• **Brief**
No pictures belong in the copy. Retype exactly, and only, the stretch of lines below from the one with "2000 Nissan Maxima" through the one with "bar nine person".

• **Materials provided**
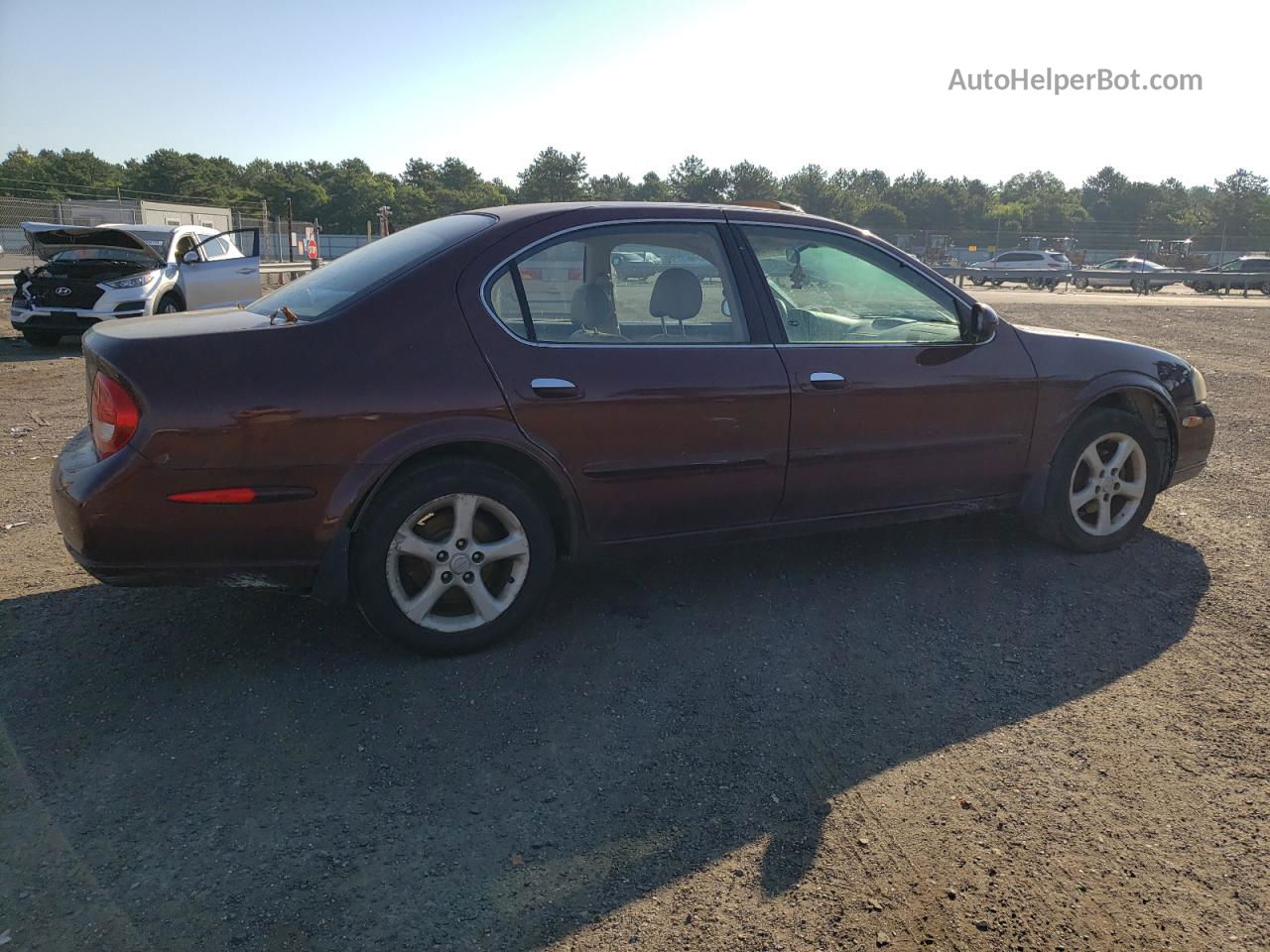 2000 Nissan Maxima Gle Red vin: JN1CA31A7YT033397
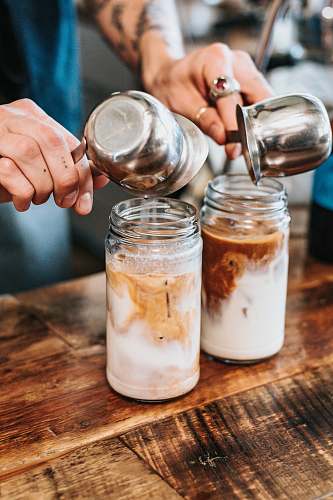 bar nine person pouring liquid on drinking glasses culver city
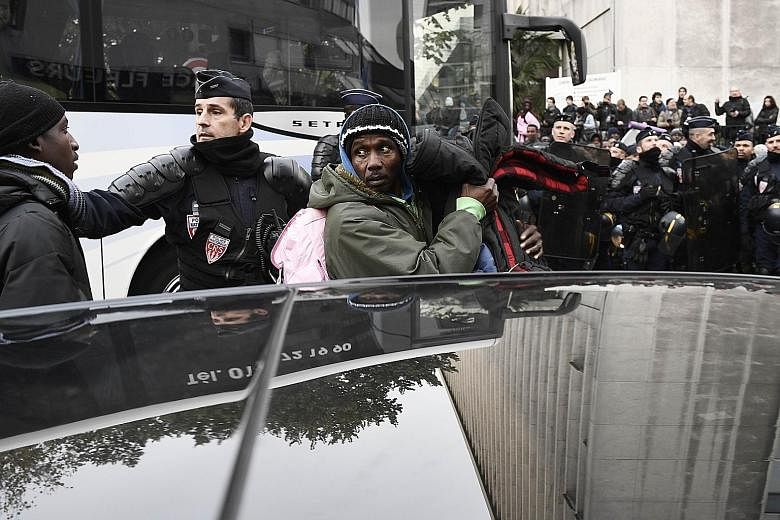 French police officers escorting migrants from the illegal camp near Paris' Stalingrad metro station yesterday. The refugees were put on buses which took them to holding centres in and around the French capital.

...

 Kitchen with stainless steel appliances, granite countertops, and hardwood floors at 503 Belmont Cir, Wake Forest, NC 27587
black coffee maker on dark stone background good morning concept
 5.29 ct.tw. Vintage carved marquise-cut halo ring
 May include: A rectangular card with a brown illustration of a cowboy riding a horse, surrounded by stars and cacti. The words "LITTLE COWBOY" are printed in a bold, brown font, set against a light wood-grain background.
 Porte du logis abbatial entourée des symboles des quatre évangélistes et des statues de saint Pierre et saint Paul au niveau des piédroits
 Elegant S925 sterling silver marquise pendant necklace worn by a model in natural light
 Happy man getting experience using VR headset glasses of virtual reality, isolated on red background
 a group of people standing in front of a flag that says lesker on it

--

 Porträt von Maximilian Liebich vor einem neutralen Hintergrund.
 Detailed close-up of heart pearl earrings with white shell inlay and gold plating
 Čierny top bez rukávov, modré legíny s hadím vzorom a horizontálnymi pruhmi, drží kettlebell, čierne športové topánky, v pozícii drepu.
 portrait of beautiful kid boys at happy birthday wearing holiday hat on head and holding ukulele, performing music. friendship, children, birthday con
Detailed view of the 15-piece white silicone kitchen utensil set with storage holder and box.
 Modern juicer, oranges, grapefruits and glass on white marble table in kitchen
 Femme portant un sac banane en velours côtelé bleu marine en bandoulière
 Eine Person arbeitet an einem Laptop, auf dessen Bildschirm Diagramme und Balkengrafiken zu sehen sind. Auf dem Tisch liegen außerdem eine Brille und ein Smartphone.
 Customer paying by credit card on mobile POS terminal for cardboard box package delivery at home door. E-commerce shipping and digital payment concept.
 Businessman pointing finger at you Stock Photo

• **Output for this task**
 2000 Nissan Maxima Gle Red vin: JN1CA31A7YT033397
 bar nine person pouring liquid on drinking glasses culver city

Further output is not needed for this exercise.